Иешива находилась в маленьком провинциальном городке, отличавшимся вылизанной чистотой и непререкаемой размеренностью жизни. Мощеные улочки, редкие прохожие, не обращавшие внимания на хилого мальчишку в длиннополом одеянии с экзотической шапочкой на голове.
Распорядок дня в иешиве был вполне тюремный. Запрещалось смеяться, громко разговаривать, драться с местными мальчишками, показывать язык девчонкам, презрительно фыркавшим при виде похожих на чучело учеников иешивы. Это случалось в редкие минуты свободы, когда каждый из семинаристов в перерыве между занятиями отправлялся на обед в тот дом, который был назначен на сегодня. Ученики по очереди обходили дома местных евреев. Этих глотков свободы было так мало, а увидеть хотелось там много: например, реку и дирижабль, однажды приземлившийся за рекой. Городские мальчишки гурьбой бросились туда, а Вольфу только в прогале улочки посчастливилось увидеть поблескивающий бок летательного аппарата.
По ночам он горько плакал, а утром, умывшись ледяной водой, опять начинал заучивать наизусть страницы Талмуда[2].
Однажды в молитвенном доме Вольф встретил странника, чья фигура показалась ему знакомой. Это был верзила, отличавшийся огромным ростом и атлетическим телосложением. Широкое лицо, окладистая белая борода… Он не мог отделаться от мысли, что где-то уже видел его. Вразумил его голос бродяги: это был голос ангела, объявившего волю Бога. Этот громыхающий басок, потребовавший отправиться в иешиву, ни с чем не спутаешь. Потрясения хватило на всю ночь и еще на несколько дней – неужели отец просто-напросто сговорился с этим проходимцем?

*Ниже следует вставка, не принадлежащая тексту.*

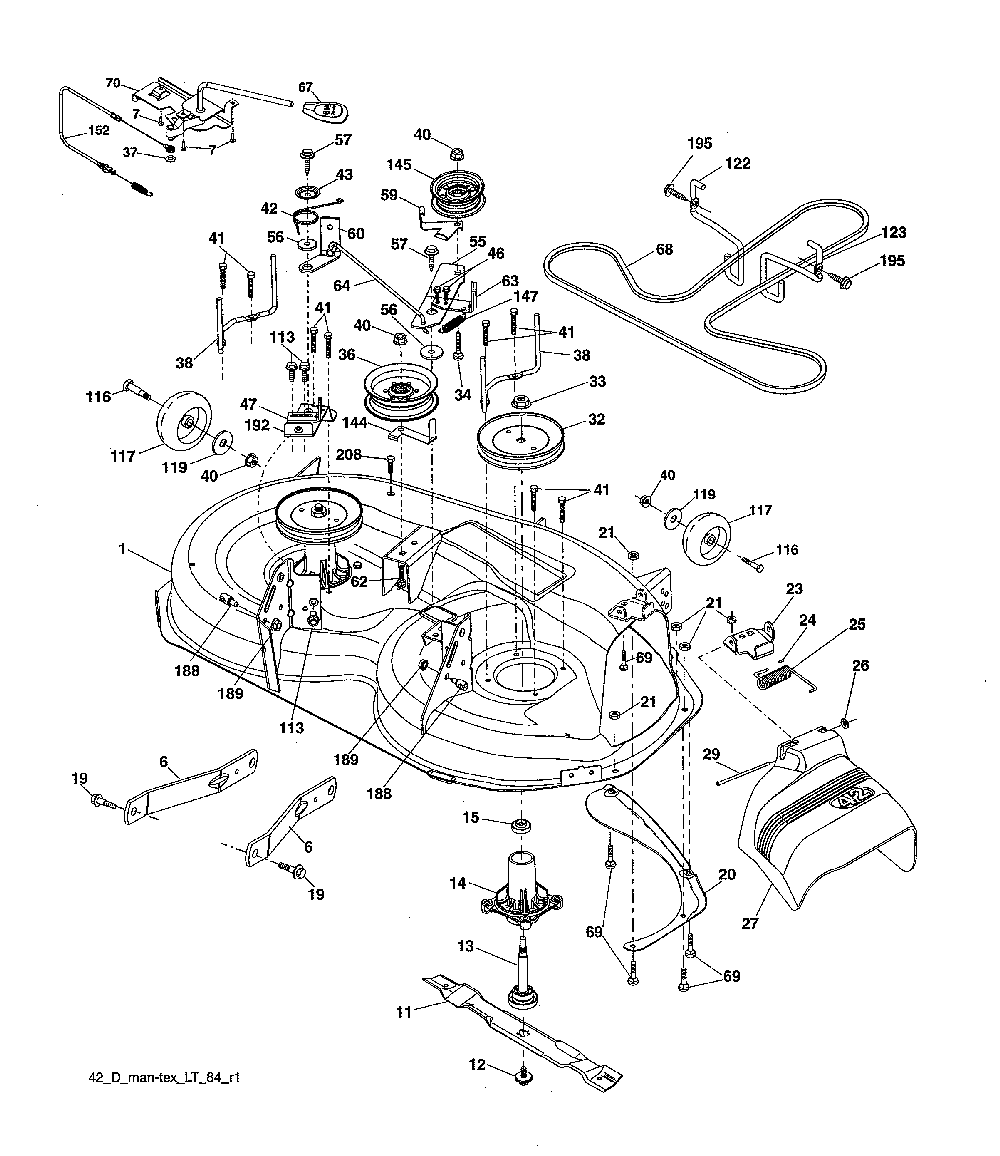 Mower deck Diagram and Parts List for 917223980  Poulan Lawn Tractor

Бродяга превосходно сыграл свою роль, только финал ему не удался. Приметив, что Вольф не сводит с него глаз, перед уходом он погладил мальчика по голове и признался, что отец подрядил его за несколько грошей указать верный путь в жизни. Это признание не стало для Вольфа новостью, он только поинтересовался: как же Божий суд? Незнакомец махнул рукой и неожиданно хитровато подмигнул – жить-то надо! Эту плутоватую гримасу Мессинг запомнил на всю жизнь, она все решила. Ему не было дела до этого проходимца. Он не мог взять в толк: как его всегда справедливый отец пошел на обман? Кому же верить?! Тогда ложь все, что Вольф знает, чему его учат? Может быть, Бог тоже лжет?! Может быть, его и вовсе нет?